Data to examine
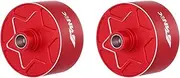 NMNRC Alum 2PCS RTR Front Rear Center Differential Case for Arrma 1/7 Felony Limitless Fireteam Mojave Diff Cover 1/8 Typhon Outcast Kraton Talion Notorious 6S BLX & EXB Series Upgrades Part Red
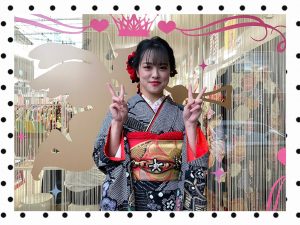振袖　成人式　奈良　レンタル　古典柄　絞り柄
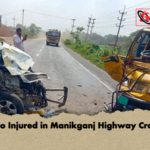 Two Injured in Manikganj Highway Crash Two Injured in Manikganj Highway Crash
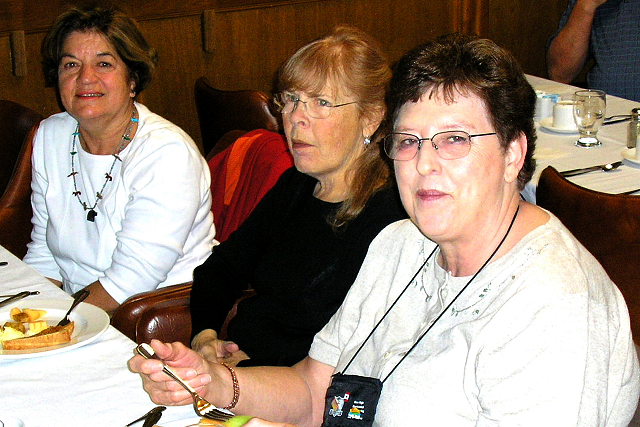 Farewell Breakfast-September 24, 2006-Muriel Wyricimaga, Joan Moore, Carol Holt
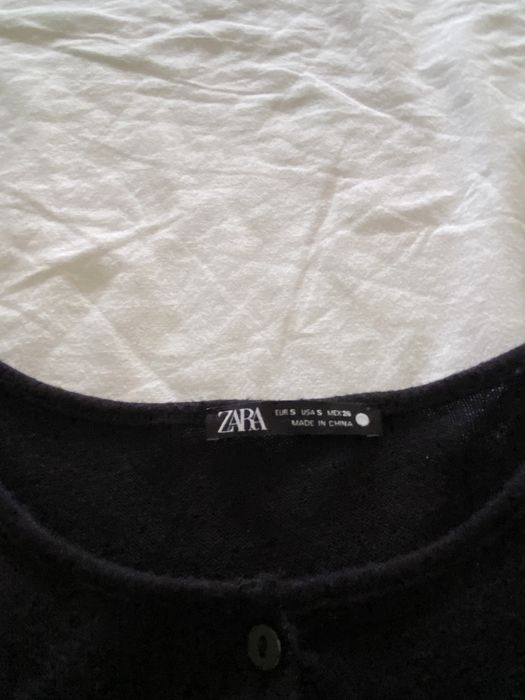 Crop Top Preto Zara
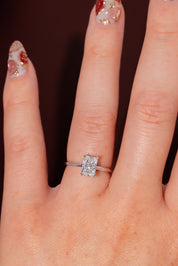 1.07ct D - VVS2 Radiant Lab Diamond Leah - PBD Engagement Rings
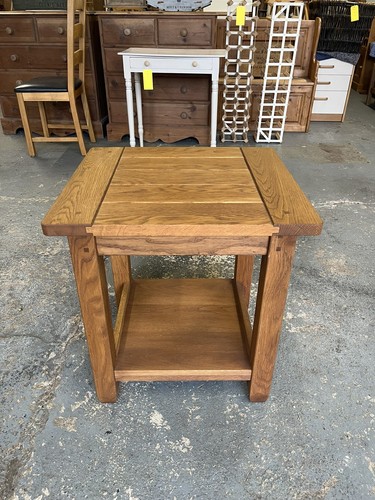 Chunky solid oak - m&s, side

What to work on
All of the records above should be reproduced exactly, with the pictures left out.

Exercise response
 NMNRC Alum 2PCS RTR Front Rear Center Differential Case for Arrma 1/7 Felony Limitless Fireteam Mojave Diff Cover 1/8 Typhon Outcast Kraton Talion Notorious 6S BLX & EXB Series Upgrades Part Red
振袖　成人式　奈良　レンタル　古典柄　絞り柄
 Two Injured in Manikganj Highway Crash Two Injured in Manikganj Highway Crash
 Farewell Breakfast-September 24, 2006-Muriel Wyricimaga, Joan Moore, Carol Holt
 Crop Top Preto Zara
 1.07ct D - VVS2 Radiant Lab Diamond Leah - PBD Engagement Rings
 Chunky solid oak - m&s, side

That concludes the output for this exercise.